An ‘Oppenheimer’ Reading List

Rhodes’s Pulitzer-winning book has been having a renaissance among people grappling with the potential destructive force of other new technologies. Writing in The Atlantic, Charlie Warzel called it “a kind of holy text for a certain type of A.I. researcher — namely, the type who believes their creations might have the power to kill us all.”

Long before “Oppenheimer,” a different portrayal of atomic science captured my imagination. “Copenhagen,” a play by Michael Frayn, dramatizes the mysterious 1941 visit by Werner Heisenberg, the German physicist who ran the Nazis’ atomic research program, to the Danish scientist Nils Bohr at his home in Copenhagen.

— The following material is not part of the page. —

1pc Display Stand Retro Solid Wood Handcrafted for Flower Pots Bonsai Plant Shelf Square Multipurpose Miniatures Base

In the play, Heisenberg, Bohr and Bohr’s wife Margrethe — long after their deaths — argue about the real purpose of Heisenberg’s visit, and whether he was trying to hasten the dawn of the nuclear age or delay it. (I think it works best as a live play, but if you’re looking for streaming options, the BBC did make a television version starring Daniel Craig in 2002 and a radio version starring Benedict Cumberbatch and Simon Russell Beale in 2013.)

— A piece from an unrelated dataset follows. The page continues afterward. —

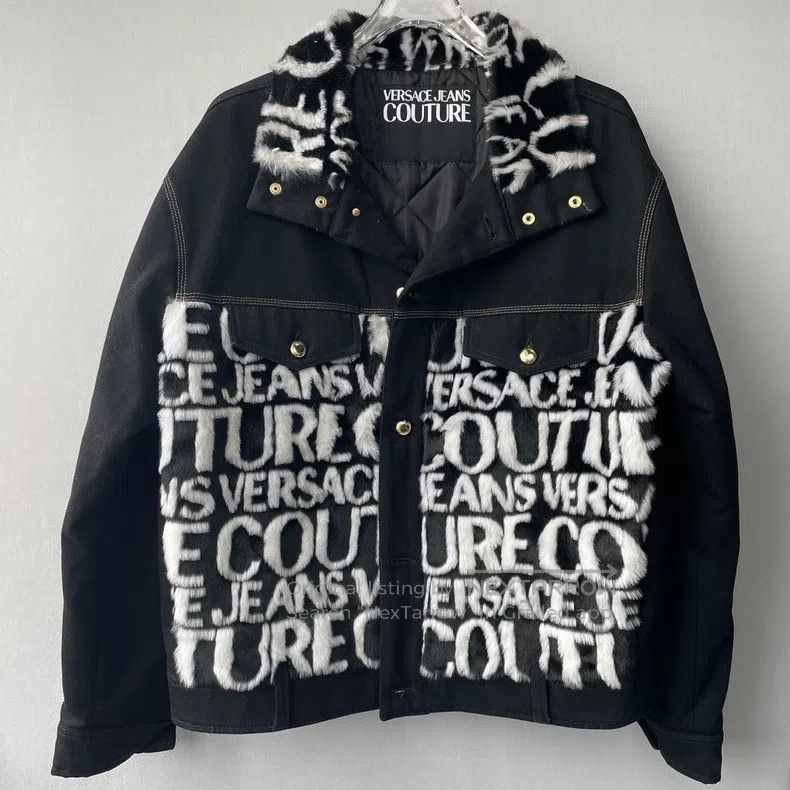 Versace Versace Lapel print logo letter lapel print single-breaste Size US L / EU 52-54 / 3 - 1 Thumbnail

From the outside cover, the Aug. 31, 1946, edition of The New Yorker looked like an ordinary summer issue. But inside, readers found that the entire thing was devoted to one single article: “Hiroshima,” by John Hersey. Through the stories of six survivors, Hersey documented in detail the consequences of the bomb for innocent civilians:

“A hundred thousand people were killed by the atomic bomb, and these six were among the survivors. They still wonder why they lived when so many others died. Each of them counts many small items of chance or volition — a step taken in time, a decision to go indoors, catching one streetcar instead of the next — that spared him. And now each knows that in the act of survival he lived a dozen lives and saw more death than he ever thought he would see. At the time, none of them knew anything.”


It’s always nice to find moments of connection with Interpreter subscribers, so I was pleased to see that Suzanne Batchelor, a reader in Central Texas, seconded my recommendation of “Hiroshima” by John Hersey:

Thanks to a high school summer reading list, I read Hersey’s straightforward account of the aftermath of the atomic bomb explosion: the horrific injuries, the city’s devastation. His report made it clear this bomb was far more than a new weapon, it was a massive horror that should never be repeated.